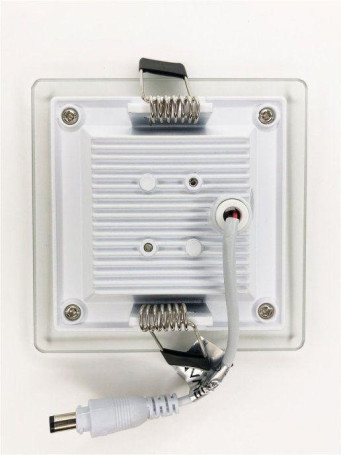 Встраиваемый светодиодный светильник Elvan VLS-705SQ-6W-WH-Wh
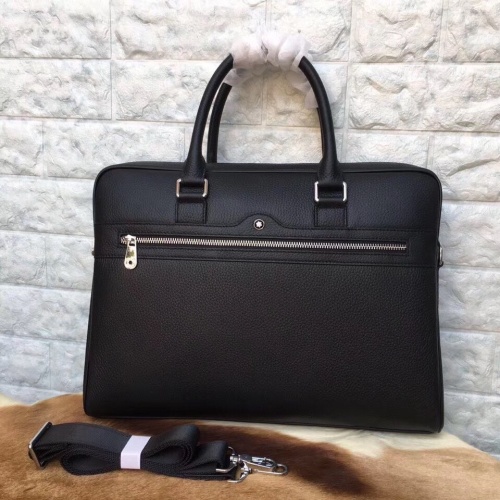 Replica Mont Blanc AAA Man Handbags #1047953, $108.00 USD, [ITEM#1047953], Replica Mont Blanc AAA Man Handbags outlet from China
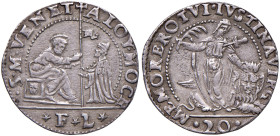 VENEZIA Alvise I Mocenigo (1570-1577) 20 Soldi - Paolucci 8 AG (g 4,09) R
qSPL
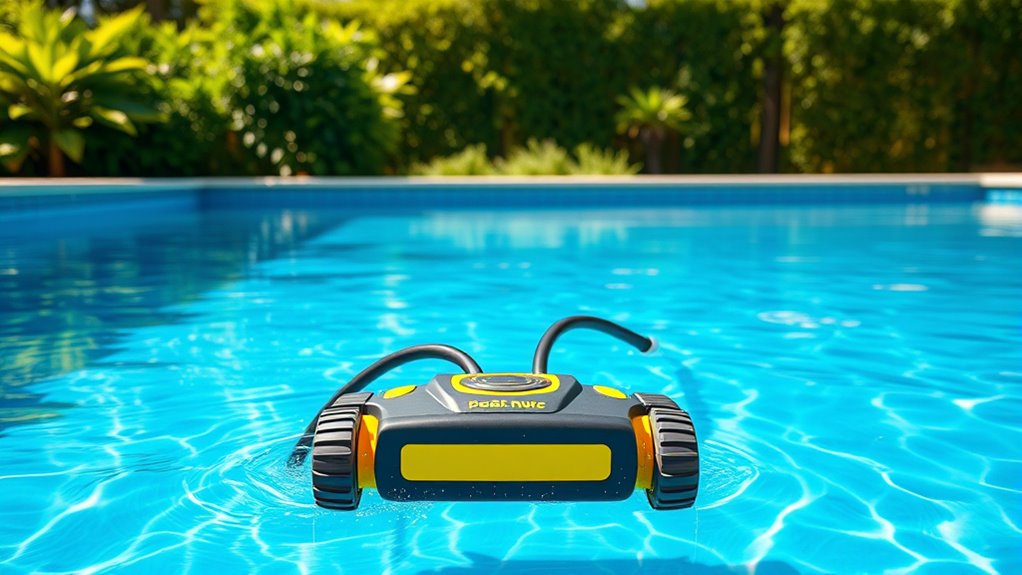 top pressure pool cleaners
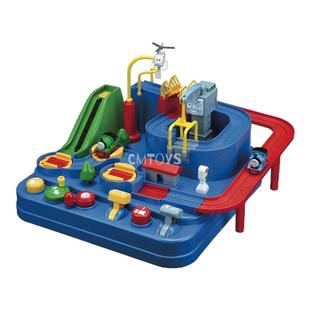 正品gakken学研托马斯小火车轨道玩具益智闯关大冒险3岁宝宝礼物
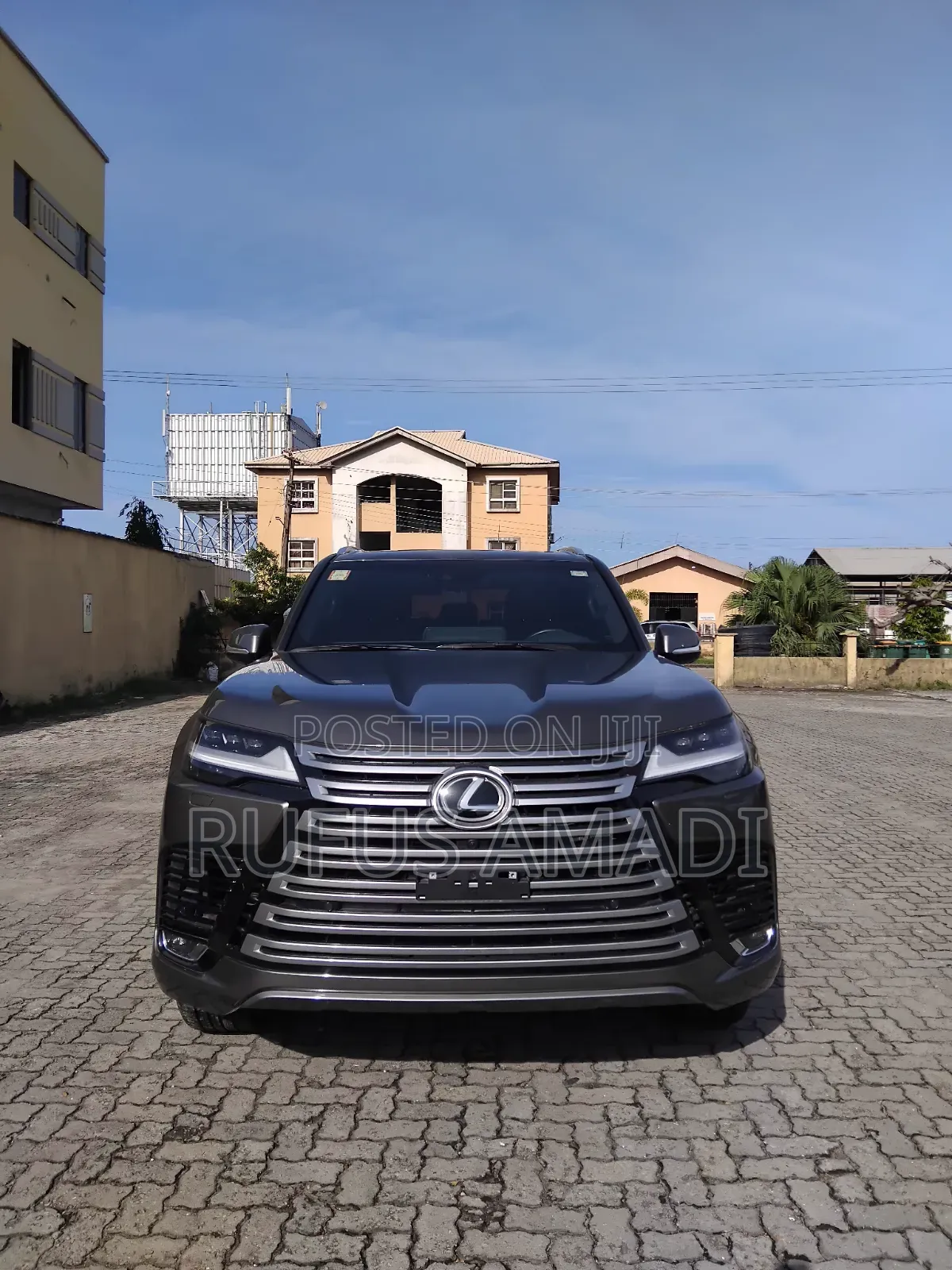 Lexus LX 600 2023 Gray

PROBLEM DETAILS — Produce an exact copy of the lines from the line with "正品gakken学研托马斯小火车轨道玩具益智闯关大冒险3岁宝宝礼物" through the last line of the data above, both ends included. No pictures belong in it.

RESULT OF THE TASK —
 正品gakken学研托马斯小火车轨道玩具益智闯关大冒险3岁宝宝礼物
 Lexus LX 600 2023 Gray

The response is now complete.